Scottish footballer (1892–1976)

John Hanlon (1892–1976) was a Scottish footballer who played as an outside right.

== Early life ==
John Hanlon was born in 1892 in Addiewell, West Calder, Scotland to Irish parents, George Hanlon and Ellen/Helen McCrossan of County Donegal.

==Career==
Hanlon played primarily for Hamilton Academical – he signed for the Accies as a teenager in 1913 a week after being selected for Scotland at junior level, featuring regularly for much of that time.

He moved to Heart of Midlothian in 1916 but only played in one Scottish Football League match during his initial three years at Tynecastle Park and was away from the club for much of the time serving in World War I.

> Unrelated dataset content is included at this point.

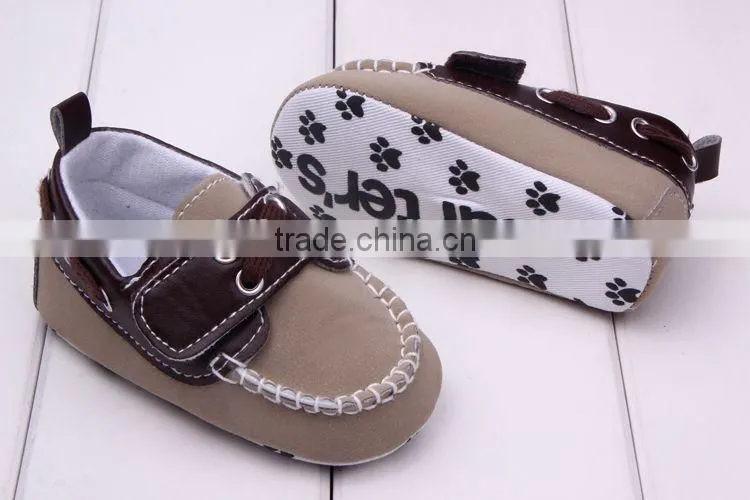 2014 wholesae baby shoes fashion baby leather shoe children shoes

He returned to Hamilton in late 1919 (and was a Lanarkshire Cup winner in 1920) then signed for Hearts again in 1922, but failed to become established there, serving lower-division loans at Bathgate and Alloa Athletic.

==Outside football==
Hanlon was a noted athlete (often competing under the pseudonym 'Harris'), his speciality being middle-distance running and particularly the half mile, recording a 1min 55sec time in a meeting at Shawfield Stadium in 1922. He won multiple track events with his regiment (Royal Scots) in a post-war Rhine Army Sports Championship in 1919; during the conflict itself, he was employed as a dispatch runner.